La cottura al microonde, dunque, si differenzia dall’arrostimento perché il cibo non viene in contatto con l’aria rovente (e altre sostanze aromatiche) proveniente dalla combustione del legno o della carbonella, né con il fondo di un tegame che raggiunge temperature elevatissime, creando quella differenza di cottura tipica negli arrosti: cotti fuori e più crudi dentro.
Ma è molto differente anche da cotture in acqua (bolliture) o in olio (fritture) dove la superficie dell’alimento –solo quella!- viene posta in intimo contatto con altre sostanze (acqua e olio) che interagiscono con esso in maniera importante durante il processo di cottura, determinandone i risultati.
Nel forno a microonde, invece, il riscaldamento dell’alimento è omogeneo in tutta la sua massa e non solo in superficie, a condizione che esso contenga una certa quantità di acqua.
Ovviamente cuocere non è solo riscaldare, anche se con il microonde spesso ci si limita soltanto a questo effetto fisico.

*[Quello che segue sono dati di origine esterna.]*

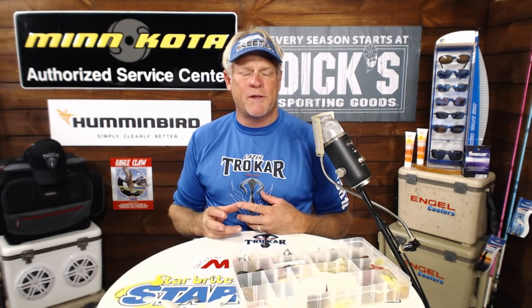What rod are you using in this clip? That was the new prototype rod we came up with. Hopefully it's going to be out at ICAST this July and then be in stores before Christmas next year.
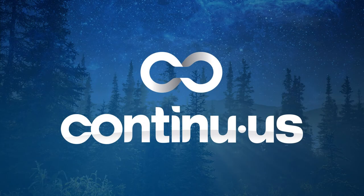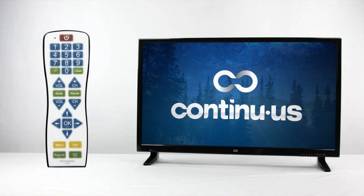There are many different ways to program the Continuous Pure Control PC100 universal remote. First, you can manually program the remote to your TV using the code list provided.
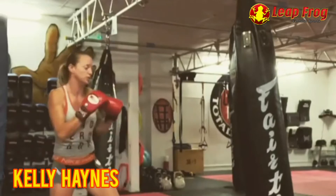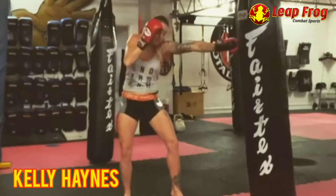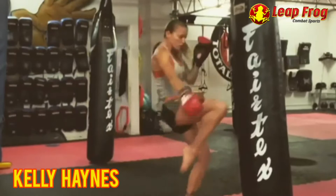Hey guys, hope you're all good. Today I'd like to share a little video working some combinations off the jab — very simple combinations, four in total. The first one is jab lead teep, the second one is jab low rear kick, the third one is jab step-in upward elbow, and the fourth one is jab rear knee and back out.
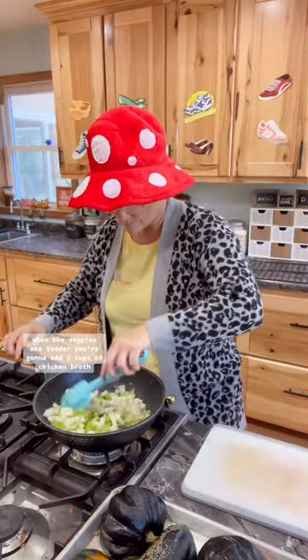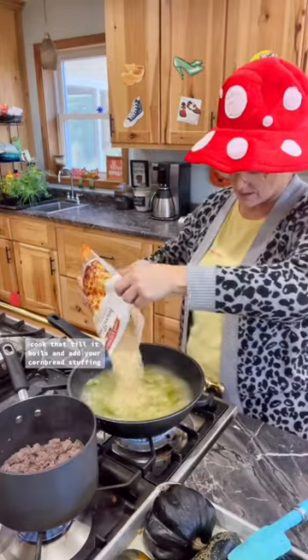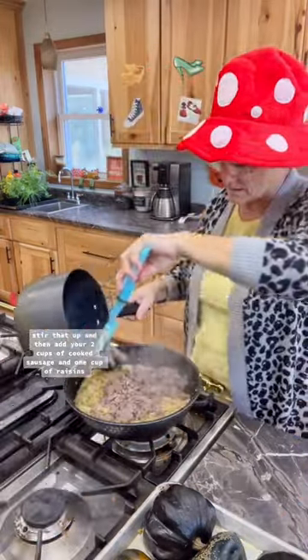When the veggies are tender, you're going to add two cups of chicken broth. Cook that until it boils and add your cornbread stuffing. Stir that up and then add your two cups of cooked sausage and one cup of raisins.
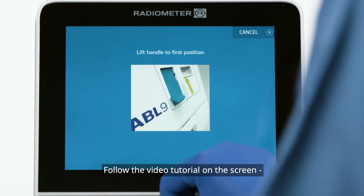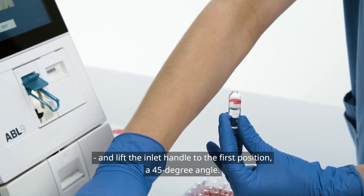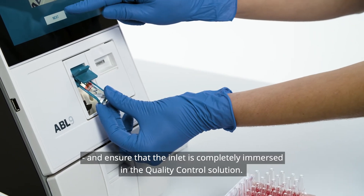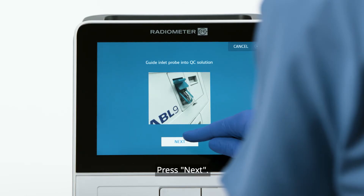Follow the video tutorial on the screen and lift the inlet handle to the first position, a 45-degree angle. Position the quality control ampoule over the inlet probe and ensure that the inlet is completely immersed in the quality control solution. Press Next.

Se le molecole d’acqua interne vibrano all’impazzata, finiranno per trasferire il loro movimento anche ai legami più vicini e con un po’ di tempo l’intero cibo raggiungerà la loro temperatura e, se questa è sufficientemente alta, si darà origine a tutte quelle reazioni tipiche della cottura: rottura delle catene proteiche (denaturazione), rottura delle catene dell’amido, con formazione di sostanze zuccherine, gelificazione del collagene delle carni e così via.
Non si riusciranno invece ad innescare quelle reazioni che necessitano di temperature maggiori di 100 °C, come d’altra parte nella bollitura tradizionale, come per esempio le reazioni di Maillard o la caramellizzazione degli zuccheri.
Insomma nel microonde le croste dorate ve le scordate. In ogni caso, quando riscaldate semplicemente un croissant alla crema nel microonde che in mano sembra freddo… attenti alla lingua!